_Goal of the exercise:_
Output the entries below unchanged, except for the pictures.

=======

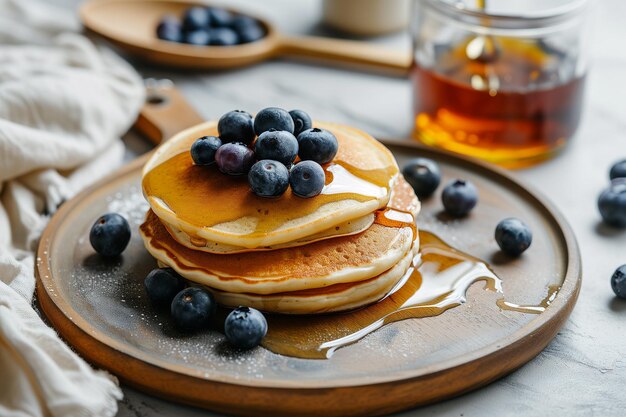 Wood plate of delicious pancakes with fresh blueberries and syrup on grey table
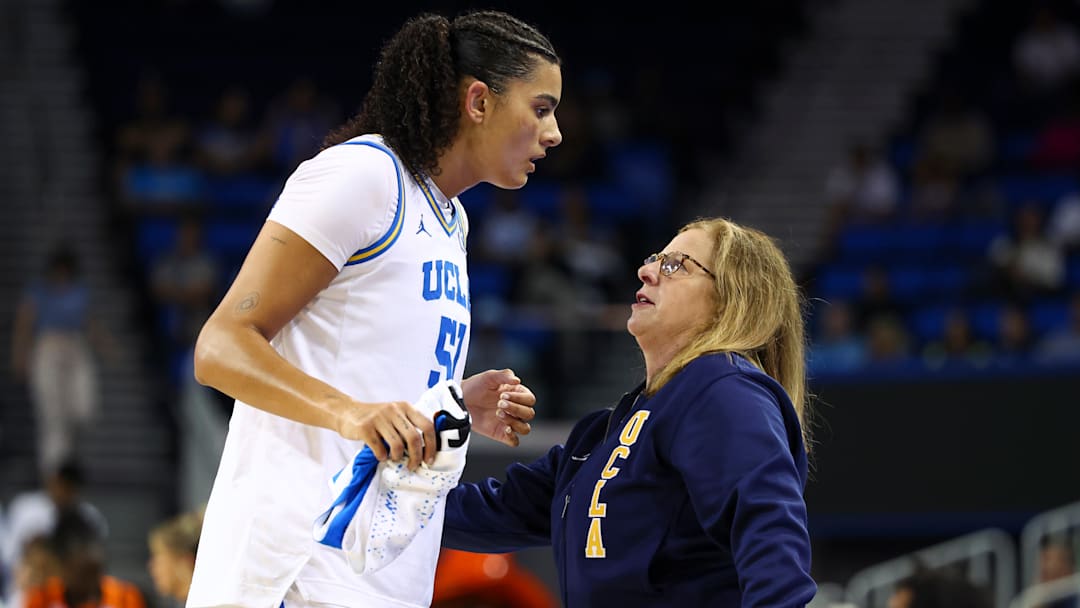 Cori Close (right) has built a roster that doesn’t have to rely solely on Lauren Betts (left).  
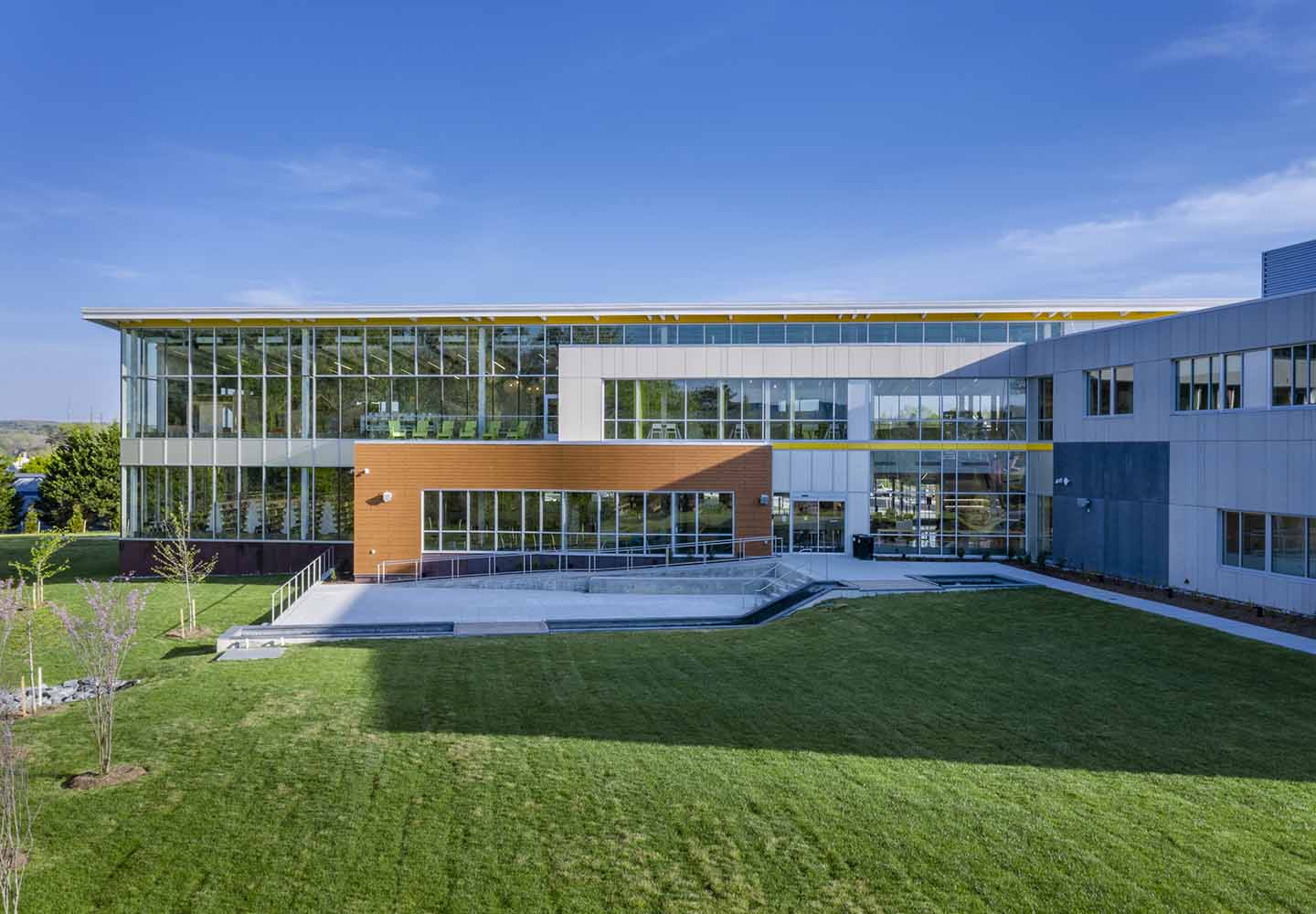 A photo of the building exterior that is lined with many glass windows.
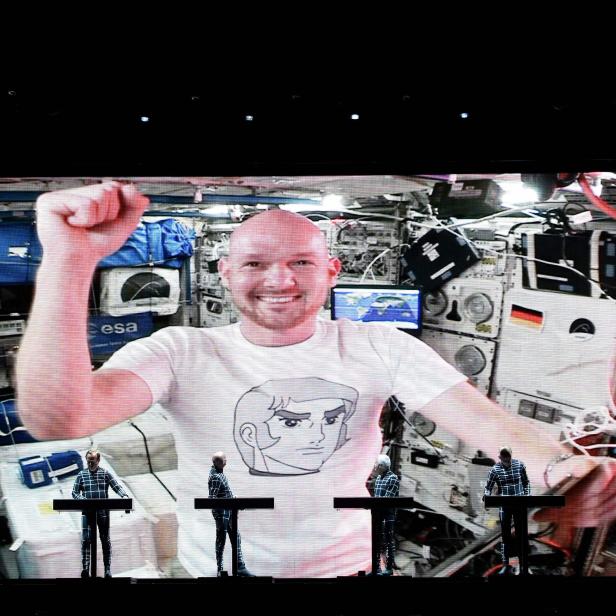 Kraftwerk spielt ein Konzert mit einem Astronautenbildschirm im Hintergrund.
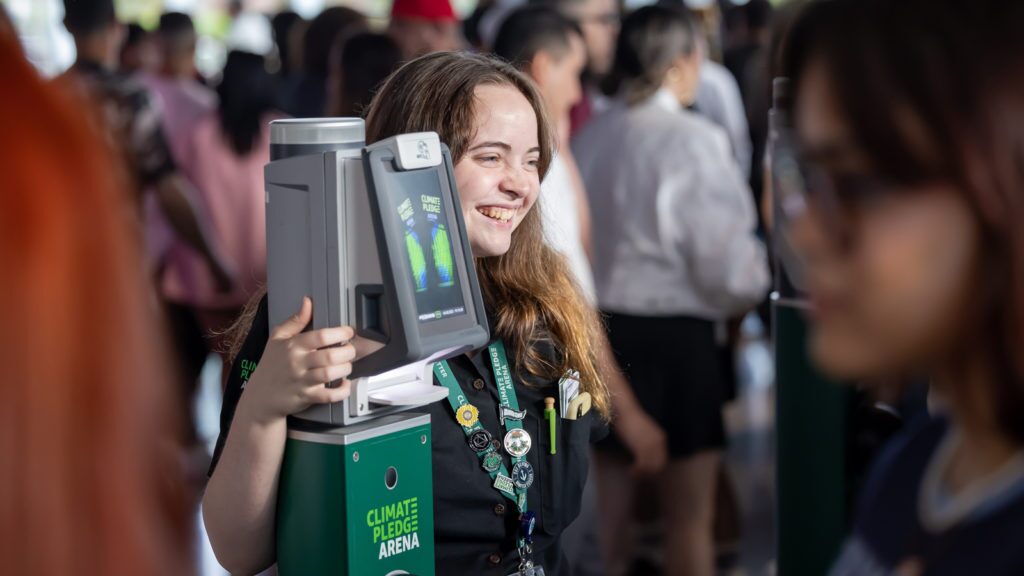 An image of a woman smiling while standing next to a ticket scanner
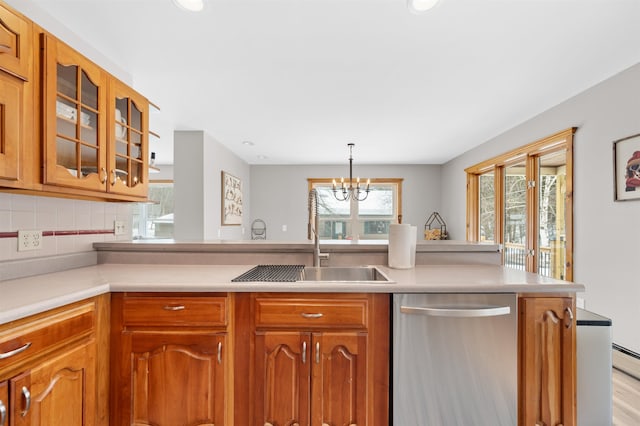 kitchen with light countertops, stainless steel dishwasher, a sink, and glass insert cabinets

=======

_Solution for this task:_
 Wood plate of delicious pancakes with fresh blueberries and syrup on grey table
 Cori Close (right) has built a roster that doesn’t have to rely solely on Lauren Betts (left).  
 A photo of the building exterior that is lined with many glass windows.
 Kraftwerk spielt ein Konzert mit einem Astronautenbildschirm im Hintergrund.
 An image of a woman smiling while standing next to a ticket scanner
 kitchen with light countertops, stainless steel dishwasher, a sink, and glass insert cabinets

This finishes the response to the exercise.